STUDY MATERIAL:
◇ ◇ ◇ ◇ ◇ ◇ ◇

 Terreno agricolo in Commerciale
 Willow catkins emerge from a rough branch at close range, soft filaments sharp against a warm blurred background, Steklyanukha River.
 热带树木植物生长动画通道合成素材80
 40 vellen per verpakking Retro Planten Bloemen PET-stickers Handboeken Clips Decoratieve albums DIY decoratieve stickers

◇ ◇ ◇ ◇ ◇ ◇ ◇

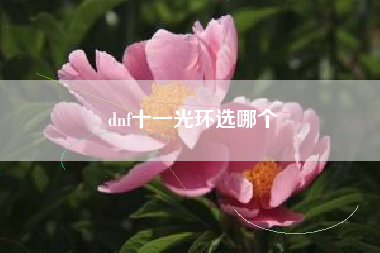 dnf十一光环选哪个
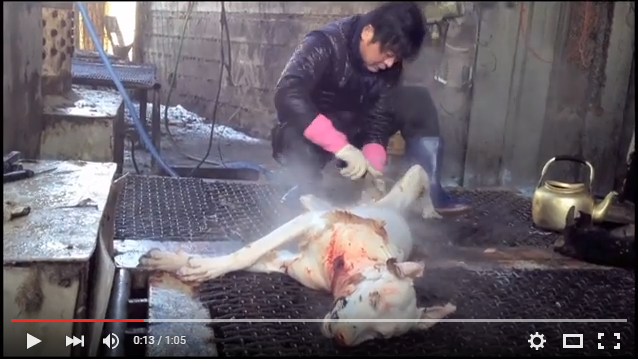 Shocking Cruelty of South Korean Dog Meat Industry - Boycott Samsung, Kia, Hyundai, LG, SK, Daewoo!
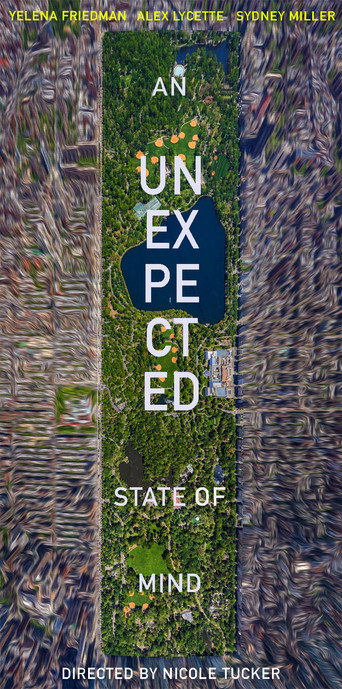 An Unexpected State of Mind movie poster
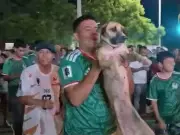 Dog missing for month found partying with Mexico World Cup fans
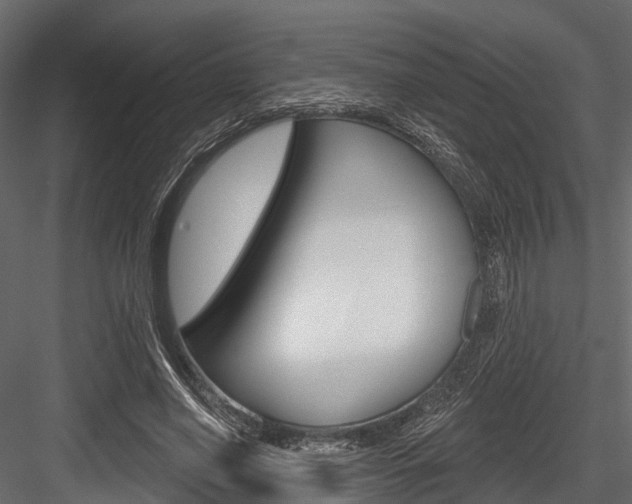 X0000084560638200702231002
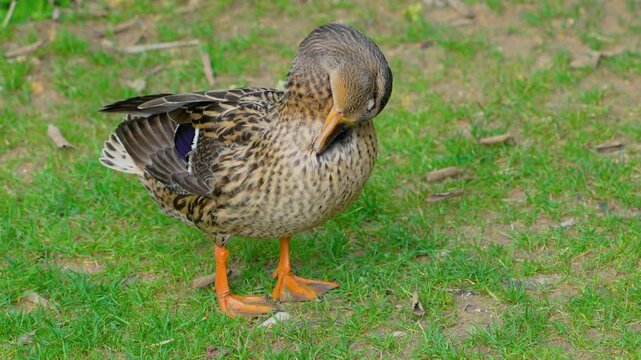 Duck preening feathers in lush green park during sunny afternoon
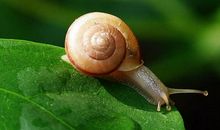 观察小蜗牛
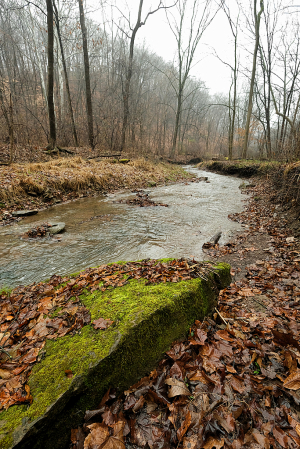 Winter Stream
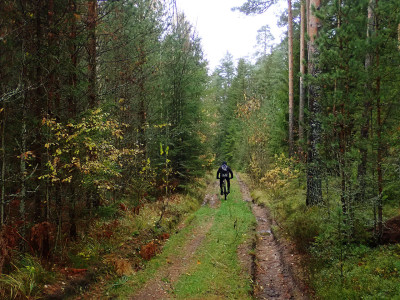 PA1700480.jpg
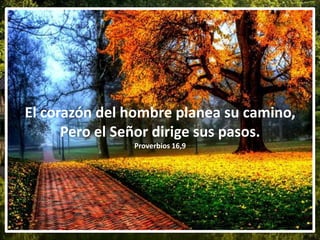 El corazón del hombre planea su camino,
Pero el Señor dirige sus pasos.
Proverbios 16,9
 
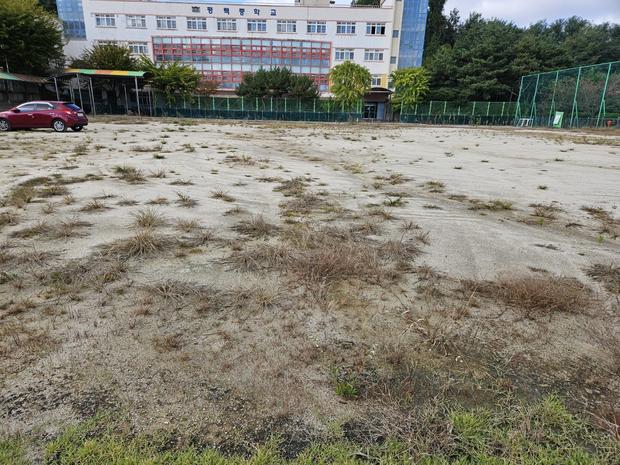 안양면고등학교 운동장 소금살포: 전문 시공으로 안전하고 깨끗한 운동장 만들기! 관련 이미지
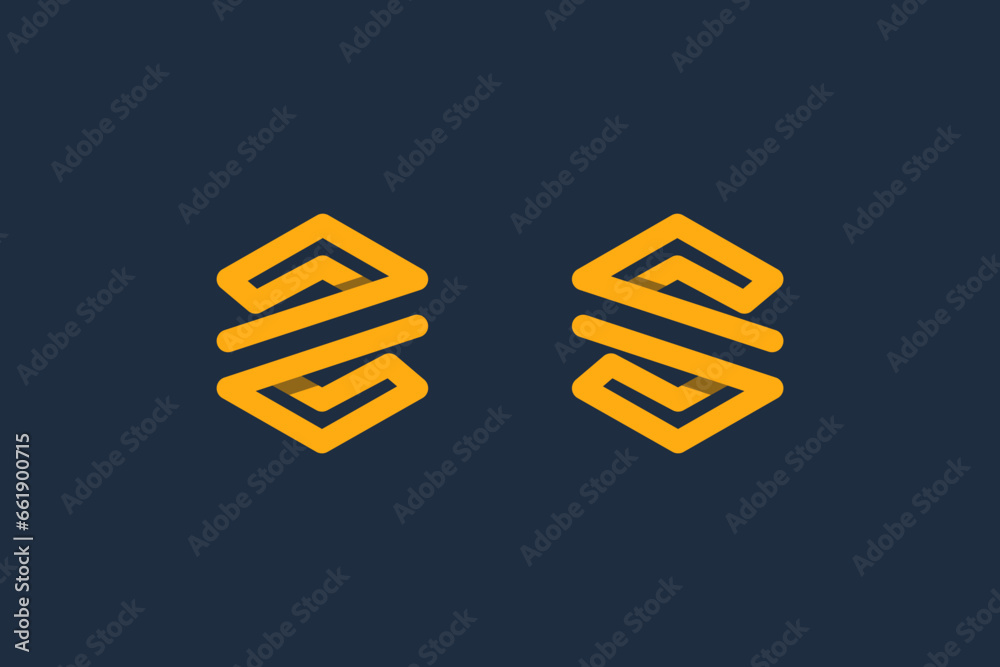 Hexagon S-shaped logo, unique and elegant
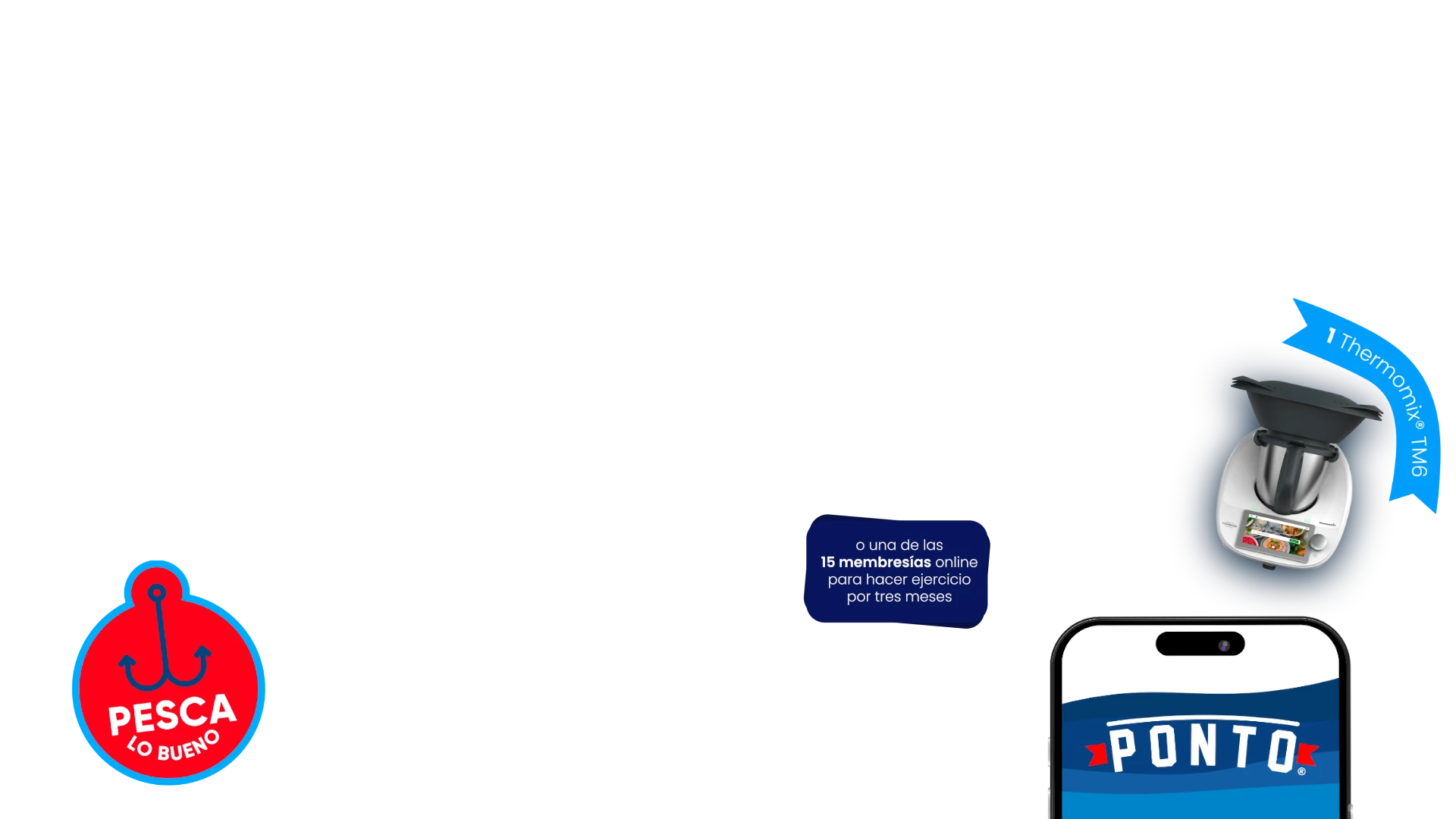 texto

◇ ◇ ◇ ◇ ◇ ◇ ◇

WHAT THE EXERCISE ASKS: Starting at the line above that holds "Terreno agricolo in Commerciale" and ending at the line that holds "40 vellen per", transcribe each line exactly and include no other lines.

RESPONSE AREA:
 Terreno agricolo in Commerciale
 Willow catkins emerge from a rough branch at close range, soft filaments sharp against a warm blurred background, Steklyanukha River.
 热带树木植物生长动画通道合成素材80
 40 vellen per verpakking Retro Planten Bloemen PET-stickers Handboeken Clips Decoratieve albums DIY decoratieve stickers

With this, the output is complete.